Fuller and another v Judy Properties Ltd

Assignment without consent — Section 146 notice served on assignor — Landlord effects peaceable re-entry — Second section 146 notice served on assignees — Whether breach of covenant against assignment — Whether both notices ineffective — Whether lease forfeited — Claim by tenants succeeds — Inquiry as to damages

The defendant company is the owner of a shop, with residential accommodation above, at 534 London Road, Cheam. In 1987 J R Graham Ltd (“Grahams”) held the premises under a lease dated November 8 1976 for a term of 20 years from June 24 1976. In November 1987, and in accordance with the covenants in the lease, Grahams sought the defendants’ consent to an assignment of the lease. On April 6 1988 Grahams entered into a contract to assign the lease to the plaintiffs and contracted, as vendors, to obtain the defendants’ consent; the contract reciting that the landlords’ consent had been obtained. In fact it had not been obtained. Completion took place on April 13 1988.

In January 1989 the defendants became aware of the assignment and served notice under section 146 of the Law of Property Act 1925 on Grahams requiring the breach of covenant to be remedied. On February 24 1989 the defendants effected peaceable re-entry. On February 28 1989 the defendants served a second section 146 notice on the plaintiffs. The plaintiffs contended that (1) there had been no breach of the covenant against assignment because on the evidence it was clear from the defendants’ behaviour subsequent to April 13 1989 that they had retrospectively consented; (2) the first section 146 notice was invalid; and (3) the second notice was ineffective because the defendants had already taken possession.

Held The plaintiffs’ claims for an order restraining the defendants from remaining on the premises and to be supplied with keys was allowed. Inquiry as to damages.
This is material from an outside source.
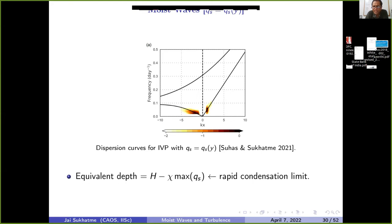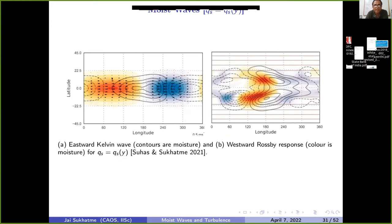Running an initial value problem with the nonlinear moist model, the first case (q_s a function of y only) produces both a westward-propagating Rossby wave and an eastward-propagating Kelvin wave, with equivalent depths matching the theoretical rapid-condensation limit. Filtering the wavenumber-frequency diagram and inverse-transforming shows the pressure anomalies associated with the Kelvin wave — the positive and negative signature — along with the moisture anomaly shown in contours, demonstrating that the model produces convectively coupled waves consistent with observations.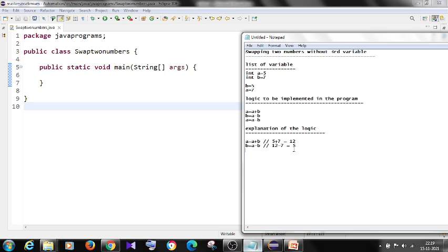Step three: a equals a minus b. The a value is 12 and the new b value is 5, so 12 minus 5 equals 7. So the new value of a is 7 and value of b is 5. Initially a was 5 and b was 7; after swapping a is 7 and b is 5.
1. No licence to assign had in fact been granted by the defendants by April 13 1989. Despite extensive correspondence between the parties after that date, there was never any situation as between either the defendants and Grahams or as between the defendants and the plaintiffs that could be read as meaning that there was a retrospective grant of any licence to assign.

2. The first section 146 notice had been wrongly served on Grahams who, at the time, were no longer the tenants. No estoppel arose based on the correspondence. In any event the plaintiffs paid the rents in July, September and December 1988 to the defendants, and these payments were accepted.

3. Because the defendants had already taken possession on February 24 1989, they could not rely on the second notice served on the plaintiffs after that date. Forfeiture cannot be founded on a notice served after possession is purportedly taken by a landlord. The second notice was without effect. Accordingly, there had been no effective forfeiture of the lease.

Had the defendants succeeded in showing that they were entitled to forfeit, relief ought to have been given to the plaintiffs by allowing the lease to run on condition that the plaintiffs paid the costs of the proceedings within six months.

Old Grovebury Manor Farm Ltd v W Seymour Plant Sales & Hire Ltd (1979) 252 EG 1103 applied.

Alison Potter (instructed by Symons) appeared for the plaintiffs; and Graham Platford (instructed by Cohen & Naicker) appeared for the defendants.